A complete history of the North Carolina Museum of Art

West Building under construction | Photo via NCMA

Raleigh is home to the first art museum in the US to be established using state funds, drawing people from across the country to witness the NCMA’s collection

From the Museum Park, to the East + West Buildings, to the outdoor Joseph M. Bryan, Jr., Theater, the museum now offers something for everyone

Taking it back to 1924

The NCMA began with the creation of the North Carolina State Art Society in 1924. Composed of six members, the society was predominantly led by the young widow, Katherine Pendleton Arrington. 

Under her leadership, the society pursued their mission to “secure an Art Museum for the State, in our Capital City; to collect, preserve, and exhibit works of art, both new and old; and to stimulate interest in art, particularly among the rising generation of this State.” 

Through a partnership with the Grand Central Art galleries in New York, the NC Art Society began introducing art into state schools and collaborating with New York galleries for annual loan exhibitions. 

Three years later, with a $1 million trust and a heavy amount of art bestowed upon them, the society managed to acquire rooms on Capitol Square for both a Temporary State Art Museum in the Agriculture Building + the State Art Gallery in the Supreme Court of NC Building. 

When the US faced the Great Depression, the Art Society managed to sustain itself with support from the Federal Art Project of the Works Project Administration.

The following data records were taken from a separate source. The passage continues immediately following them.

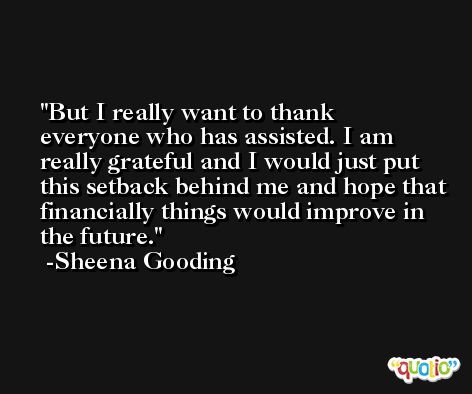 But I really want to thank everyone who has assisted. I am really grateful and I would just put this setback behind me and hope that financially things would improve in the future. -Sheena Gooding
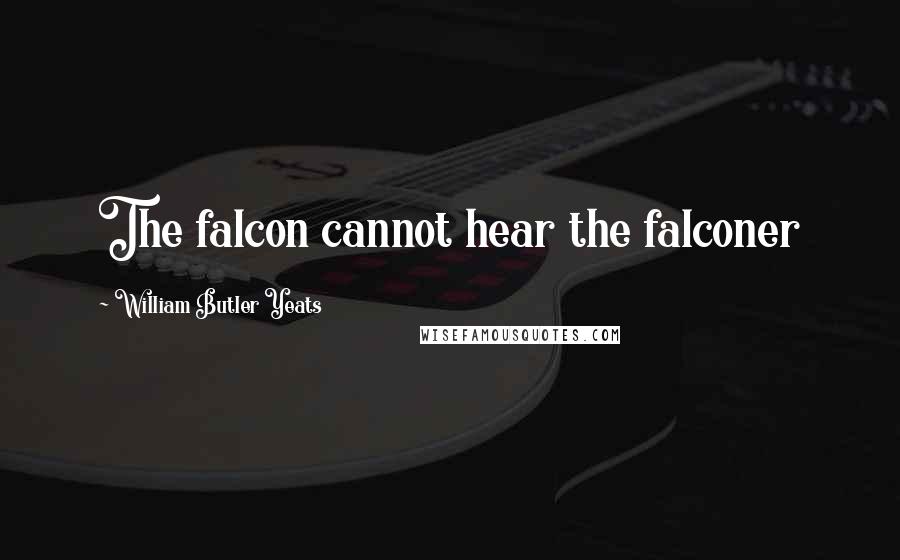 William Butler Yeats Quotes: The falcon cannot hear the falconer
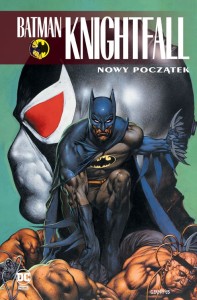 Batman Knightfall Tom 5 Nowy początek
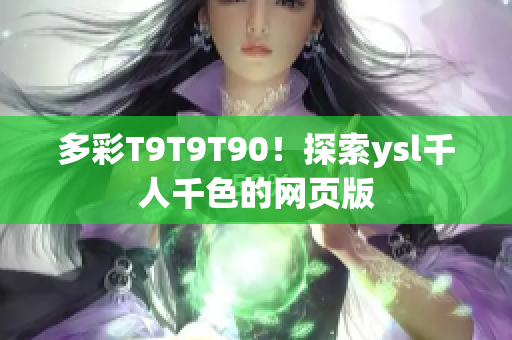 多彩T9T9T90！探索ysl千人千色的網(wǎng)頁版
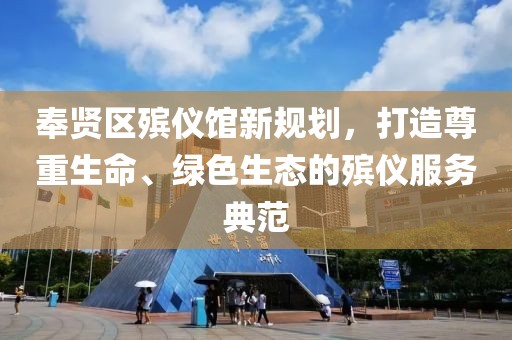 奉賢區(qū)殯儀館新規(guī)劃，打造尊重生命、綠色生態(tài)的殯儀服務典范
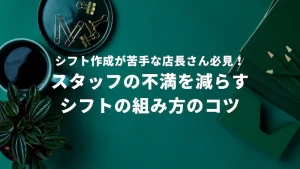 シフト作成が苦手な店長必見！スタッフの不満を減らすシフト作成方法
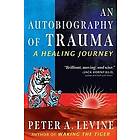 Peter A Levine: An Autobiography of Trauma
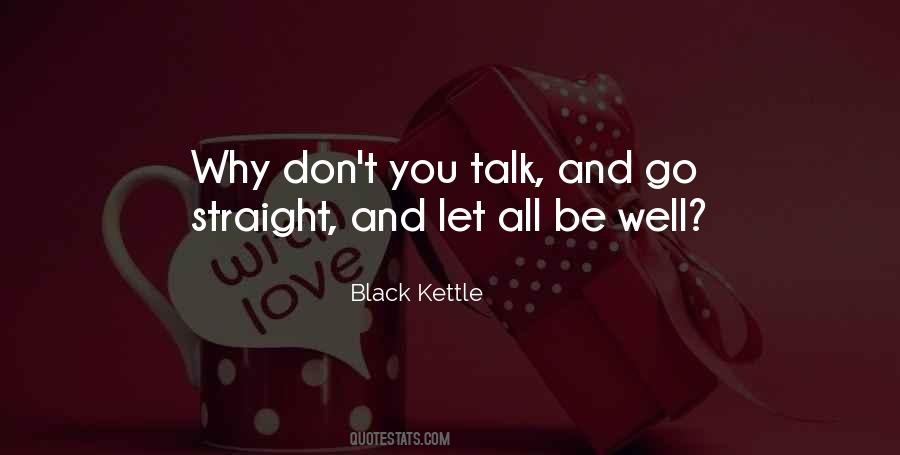 Black Kettle Quotes #1226613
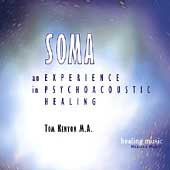 Soma: An Experience in Psychoacoustic Healing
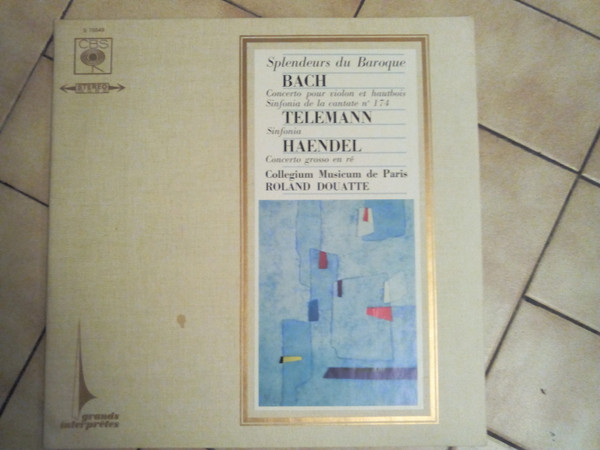 ladda ner album Bach Telemann Haendel Collegium Musicum De Paris Dir Roland Douatte - Splendeurs du Baroque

When the Federal Art Project shut down in 1943, the Art Society had to pivot and make the decision to ask for state funding

Enter: The “Miracle on Morgan Street.” In early 1956, the North Carolina Museum of Art opened in the renovated State Highway Division Building as the first art museum in the country to be established by state funds. Located on Morgan Street in Downtown, the founders viewed the location as a temporary setting for the art. The 28,000 sqft location was already outgrown by the early 1960s. 

William Valentiner was chosen as the museum’s first director. Previously, William was the director of the Detroit Institute of Arts, the J. Paul Getty Museum in Los Angeles, and co-director of the Los Angeles County Museum.   

Moving to Blue Ridge Road 

Given the need for a larger space + better accommodations, the state legislature decided to create a 15-member State Art Commission in 1967 to secure a new location for the museum. 

Ultimately, the Blue Ridge Road site that Raleigh locals are now familiar with, was chosen in 1972. The East Building was to be constructed by Edward Durell Stone and Associates of New York and Holloway-Reeves Architects of North Carolina

Edward Durell Stone was also known for his design and completion of the NC State Legislative building in 1963. However, Edward’s initial vision for the East Building struggled to come to fruition as design changes + lawsuits contributed to significant delays. 

“The building was envisioned by the architect with many rooftop garden spaces, a large reflecting pool, enormous galleries, and a diagonal circulation spine: all a formal manipulation of a 100 ft square,” NCMA Deputy Director Katherine White, said. “The square shrank to 80 feet and another 50% of the building disappeared in cost reductions, leaving the circulating spine and one major rectilinear gallery (first for the European collection, now Gallery One for temporary projects).”

Still, the new location provided twice the exhibition space as the Morgan Street location. 

Eventually a Master Plan was devised in the late 1980s by artist Barbara Kruger, architects Laurie Hawkinson and Henry Smith-Miller, and landscape architect Nicholas Quennell. 

“The team was selected by a national search sponsored by the museum and supported by a major grant from the National Endowment for the Arts,” said Lyle Humphrey, the NCMA’s Associate Curator of European Art and Collection History.

Nearly 10 years after the creation of the master plan, the Joseph M. Bryan, Jr. Theater opened + shortly after, the state legislature granted the museum a site for the development of a park and trail system

Now, museum park goers can see artwork and sculptures by Raleigh-based Thomas Sayre, Henry Moore, Auguste Rodin, and more.

In 2000, then NCMA director Larry Wheeler set out with plans to construct a new building to hold the museum’s permanent collection, expand the collection on view, host more exhibitions, and offer additional amenities to the visitors. 

Architect Thomas Phifer and Partners were chosen to design the new building, now called the West Building. Keeping in mind the green principals of the museum park, the building was designed with environmental functionality in mind, featuring controlled storm water runoff, enhanced energy efficiency, climate-control systems, and responsible landscaping practices. 

Now under the direction of Duke University graduate Valerie Hillings, visitors can enjoy the park daily and view the free galleries Wednesday-Sunday from 10 a.m.–5 p.m.